不久,由孙新堂选编、翻译的中西双语版胡弦诗集《星象》出版,哥教育部向600所全国公立中小学捐赠此书,并开展“全国中学生读胡弦”活动,组织学生通过随笔、诗歌、绘画等方式表达读后感并结集成册。哥国政府还邀请了歌手将胡弦的两首诗歌谱成曲、伴着吉他演唱作为推广。“这件事让胡弦本人也倍感兴奋,这说明,中国诗歌在拉美西语国家达到了前所未有的传播盛况,做诗歌在拉美可以达到想象不到的高度。”孙新堂笃定地说。
“中国诗人之所以能够在拉美觅得知音,是因为中拉民众有着天然的亲近感。”孙新堂认为,中拉诗歌交流基于相似的口语习惯。比如墨西哥的纳瓦特尔语、秘鲁的阿伊马拉语和智利的马普切语等拉美原住民语言虽然遗失了文字符号,但仍保有着口语吟唱的传统。而在大洋彼岸的中国,自古代周朝的《诗经》《楚辞》到西汉乐府诗乃至宋词曲牌,亦形成了唱诗为歌的文化习惯。与此同时,拉美民族随性浪漫的性格特点与中国人忠诚内敛的品格形成了互补。“拉美人热爱生活,音乐响起来肢体动作就得跟上,高兴了就马上要朗诵一首诗歌。”孙新堂笑称,“云南作家存文学到了拉美大为感叹,说这就是我的家。”
“路灯”照亮中拉文学交流之路
新冠疫情也没能阻断中拉文学交流。今年5月,由拉美著名汉学家、墨西哥学院教授莉亚娜和孙新堂主编、主译的《隔离期的阅读——中国短篇小说选》在墨西哥出版发行。相隔大洋两端,莉亚娜和孙新堂线上组织起一批青年译者,将40余篇不同代际、不同流派、不同风格的中国当代短篇小说译介到拉美,让当地读者了解中国文坛的最新动态。

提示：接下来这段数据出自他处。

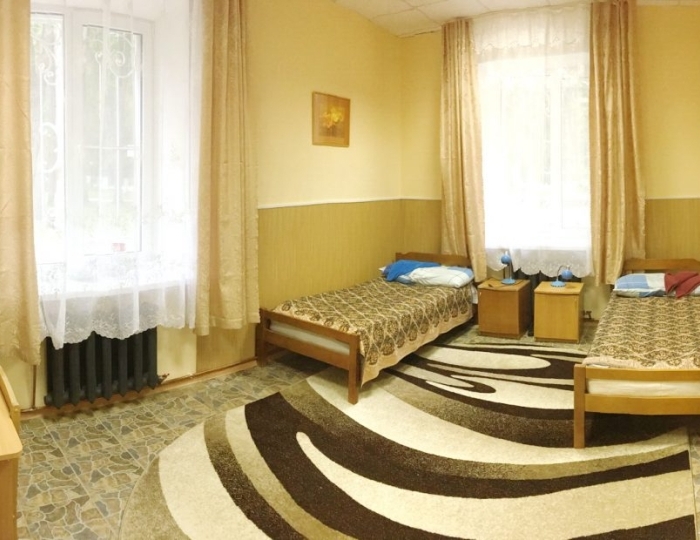 Двухместный трехкомнатный стандарт в корпусе 6 - Санаторий «Хилово»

“面对疫情带来的焦虑,何不把大家组织起来做点事情呢?莉亚娜在和中国译者范童心散步时萌生了这个想法,立马给我打电话,我们一拍即合!”讲起这本书的缘起,孙新堂津津有味。更有趣的是,本书取名“Los cuarenta de la cuarentena”,西班牙语中“隔离”一词的词根正是“四十”。“这样的构思不仅读起来有个谐音,在文意上四十天隔离期阅读四十篇小说,产生了奇妙的互文效果,让人过目难忘。”
此外,墨西哥学院亚非研究中心的研究生也参与到本书的翻译,多次在线上与汉学家、中国作家切磋交流。莉亚娜表示,拉美学生借此更加了解中国当代文学和中国文化,增进了中拉学者间的沟通,传递了美好的情谊。

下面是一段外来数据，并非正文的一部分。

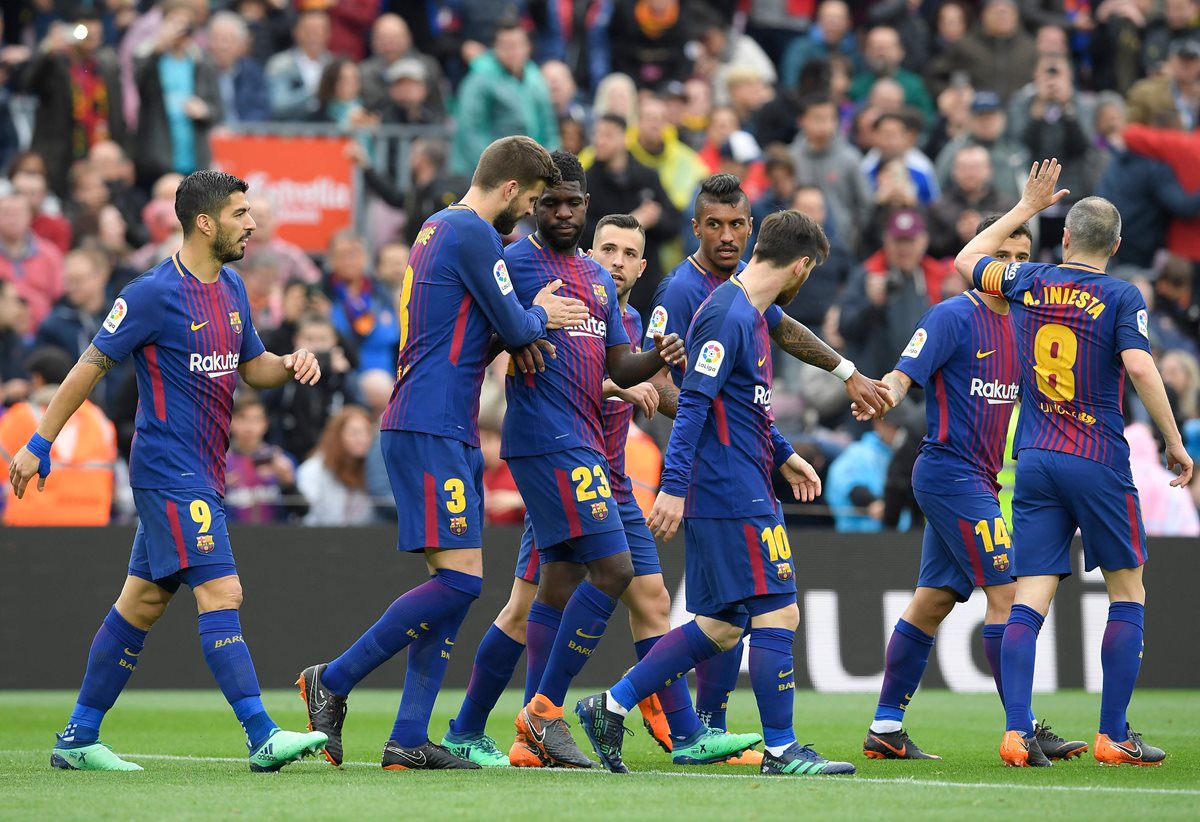 El Barcelona curó sus heridas de la Champions con un triunfo que le permite aferrarse al título del campeonato español. (Foto Prensa Libre: AFP)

“我与莉亚娜,与本书的译者之一、莉亚娜的学生罗豹鹿,我们仨基本上每周都会跨洋交流,我们对中国文学有一种激情,一旦打开就收不住,是中国文学把我们紧密联系在一起。”孙新堂幽默地补充说,“我们仨还有个共同点,都是属兔的!”
除了增进中拉作家间的对话,孙新堂还向拉美各国的出版社和文学杂志推介中国文学作品。在他的协调下,拉美发行量最大的诗歌杂志《笔记本》、智利作家协会主办的文学杂志《辛普森七号》、阿根廷著名文化刊物《当代》相继推出或正在推出中国文学专刊,均为刊物历史上第一次。
此外,墨西哥二十一世纪出版社、智利辛普雷门特出版社、阿根廷拉丁美洲出版集团等二十余家出版社也开始长期地关注中国文学动态,有了系统性的出版计划,这孙新堂感到“特别高兴、欣慰”。
更令人欣喜的是,中国唯一在拉美出版的文学杂志、中国标杆性文学期刊《人民文学》的西班牙文版《Farolas》(路灯)近年在墨西哥和智利等国家落地开花,孙新堂出任该刊翻译总监。曾经让他长久思索的问题或许在实践中找到了答案:“中国当代文学是中国文化发展的优秀成果,具有促进民心相通、跨越文化隔阂的力量,是了解当代中国的最好镜面,因此,我们希望呈现出最新的、立体的、综合的文学视野,让‘路灯’把中拉文学交流之路照亮。”